14 DAY TRIAL // Nanocomposite materials have been receiving a lot of attention lately, and that is starting to show in innovations produced at leading universities. One such innovation comes from Rice University experts, who created a material that becomes more resistant the more you abuse it.
This trait can be found in the human body as well. Whenever bones and muscles are subjected to excessive strain or effort, they become harder, as a means of adaptation to the new conditions they are faced with.
But animals evolved this trait over hundreds of millions of years, whereas the research team had to build it into a new material from scratch. The study was carried out in the lab of Rice professor in mechanical engineering and materials science and of chemistry, Pulickel Ajayan.

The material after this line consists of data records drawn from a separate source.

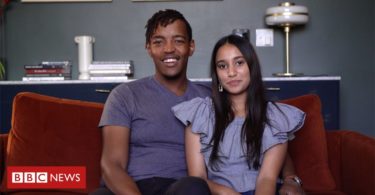 Blasian dating in South Africa: ‘Will my Asian family accept my black boyfriend?’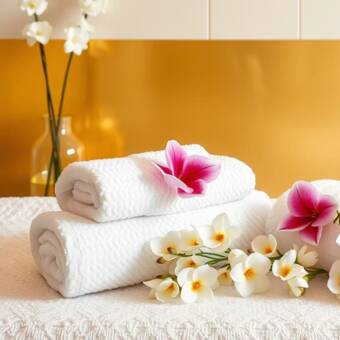 Avatar Hafiza Sumaira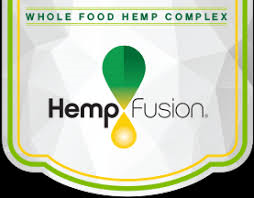 HempFusion® Launches Innovative Over-the-Counter (“OTC”) Topical Products Allowing For Targeted Relief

In a scientific paper appearing in this month's issue of the esteemed journal ACS Nano, the expert and his team report how polymer-based nanocomposites can be stiffened and made harder by using carbon nanotubes as fillers.
Inside this carefully engineered nanocomposite material, the interface between the nanostructures and the polymers is tremendously dynamic and complex. These interactions were discovered by Rice graduate student Brent Carey.
He had created a new material from scratch, by inserting a forest of vertically-aligned, multi-walled CNT into an inert, rubbery polymer called polydimethylsiloxane (PDMS). After he obtained the new composite, he subjected it to what is known as a high-cycle fatigue test.
During this investigation, materials are subjected to great stress, so that experts can assess the limits of their endurance. Carey learned that the more stress the new material got, the stiffer it became.
Working with funds from a NASA fellowship, Carey subjected the nanocomposite to a dynamic mechanical analysis (DMA), which meant that a batch of the stuff was compressed 5 times per second for about a week. A total of 3.5 million compressions were executed.
At the end of the 7 days, that batch of material had become 12 percent stiffer than it was initially. The Rice team also determined that additional potential for improvement existed.
“It took a bit of tweaking to get the instrument to do this. DMA generally assumes that your material isn’t changing in any permanent way,” Casey says.
“In the early tests, the software kept telling me, 'I've damaged the sample!' as the stiffness increased. I also had to trick it with an unsolvable program loop to achieve the high number of cycles,” he adds.
“For engineered materials, people would love to have a composite like this. This work shows how nanomaterials in composites can be creatively used,” Ajayan explains.